Cependant, en dépit de l’influence de Bacon et de Saint Bonaventure, en dépit des condamnations portées par Robert Kilwardby et par Jean Peckham, Richard de Middleton est bien loin d’admettre en totalité l’opinion d’Avicébron sur la matière et la forme.

De cette opinion, à dire vrai, il ne garde guère qu’une affirmation, c’est que les créatures intellectuelles telles que les anges, sont composées de matière et de forme[4] . La raison qu’il donne de l’existence d’une matière en la substance angélique est aussi éloignée de la lettre d’Aristote que de l’esprit d’Avicébron.

Les anges sont mobiles, non seulement de mouvement local, mais encore de ce mouvement purement intellectuel qui consiste à prendre une détermination volontaire. En son mouvement, l’ange se meut lui-même ; il faut donc qu’il existe en lui un moteur et un mobile, unis entre eux, mais distincts l’un de l’autre ; c’est la forme de l’ange qui est le moteur et la matière qui joue le rôle de mobile.

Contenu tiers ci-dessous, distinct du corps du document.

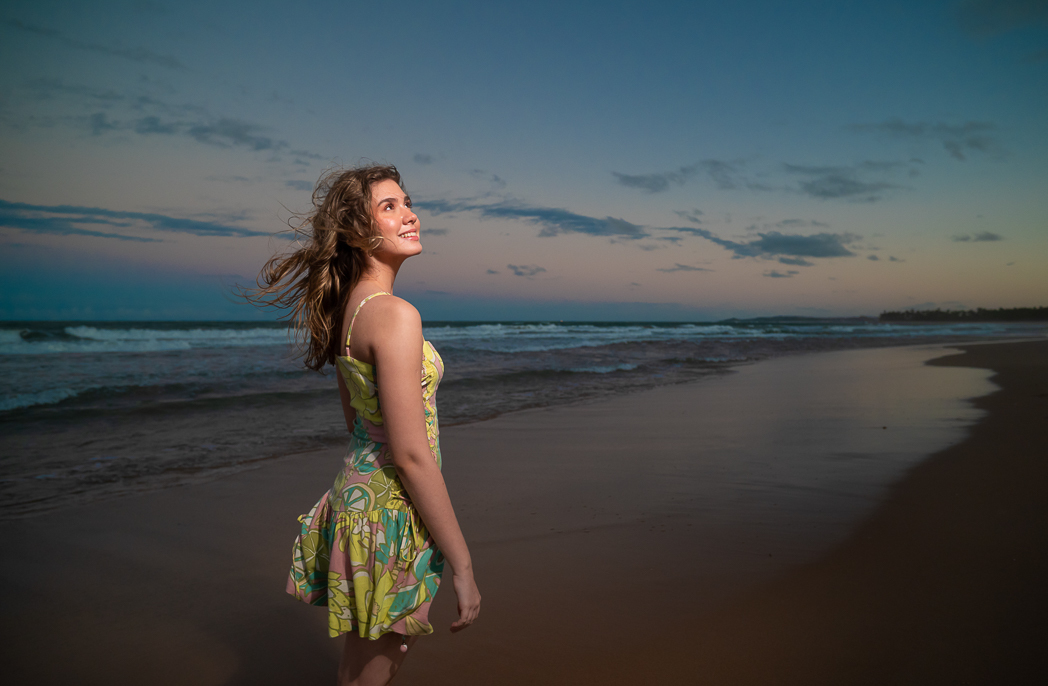 #15anos #festade15anos #15anosrecife #ensaiode15anos #debutante #debutantes #ensaiodedebutante #xv #debut #festadedebutante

  1. Voir : Seconde partie. Ch. VII, § X ; t. III, pp. 484-488.
  2. Sancti Bonaventuræ Collationes in Hexaïmeron, Collatio III, 6 ; édit, cit., t. V, p. 344.
  3. Ricardi de Media Villa Quæstiones super quatuor libros Sententiarum ; Lib. II, Dist. I, Art. III, quæst. IV ; éd. cit., t. II, p. 19.
  4. Ricardi de Media Villa Op. laud., Lib. II, Dist. III, Art. I, quæst. II ; éd. cit., t. II, pp. 51-52.